The deal, originally announced in January this year, valued D-Orbit at $1.3 billion. The transaction had been expected to close in the second or third quarter this year.
“Since the outset of our discussions with D-Orbit over a year ago, we have continued to believe in the company’s unique value proposition and the innovation inherent in their solutions. However, the financial markets have changed substantially, and we believe that terminating our merger is in the best interest of both D-Orbit and Breeze shareholders,” J. Douglas Ramsey, Chairman and CEO of Breeze Holdings, said in a statement.
According to the termination agreement filed with the U.S. Securities and Exchange Commission, D-Orbit agreed not to enter into a written agreement with any special purpose acquisition company for a period of six months.
“Despite market conditions that were beyond our control and the subsequent need to terminate our agreement with Breeze, we remain incredibly confident about D-Orbit’s business and continued growth,” said Dr. Luca Rossettini, CEO of D-Orbit.

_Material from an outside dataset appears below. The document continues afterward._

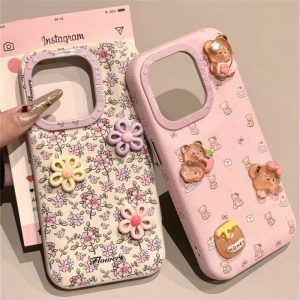ỐP ĐT HOA GẤU CUTE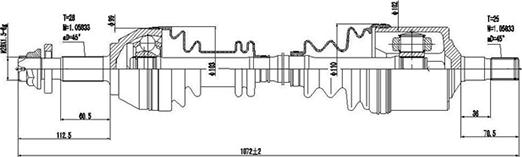 Dynamatrix DDS210013 - Arbre de transmission cwaw.fr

D-Orbit said it has moved along its roadmap and launched an additional six total ION Satellite Carrier (ION) missions, with three scheduled for the remainder of 2022. The company has delivered more than 80 customer payloads into orbit in total and said its ION Satellite Carrier, which can transport satellites in orbit and release them individually into distinct orbital slots, and can reduce the time from launch to operations by up to 85% and the launch costs of an entire satellite constellation by up to 40%.
Earlier this year, another space SPAC, Tomorrow.io, paid $1.5 million to terminate its SPAC deal.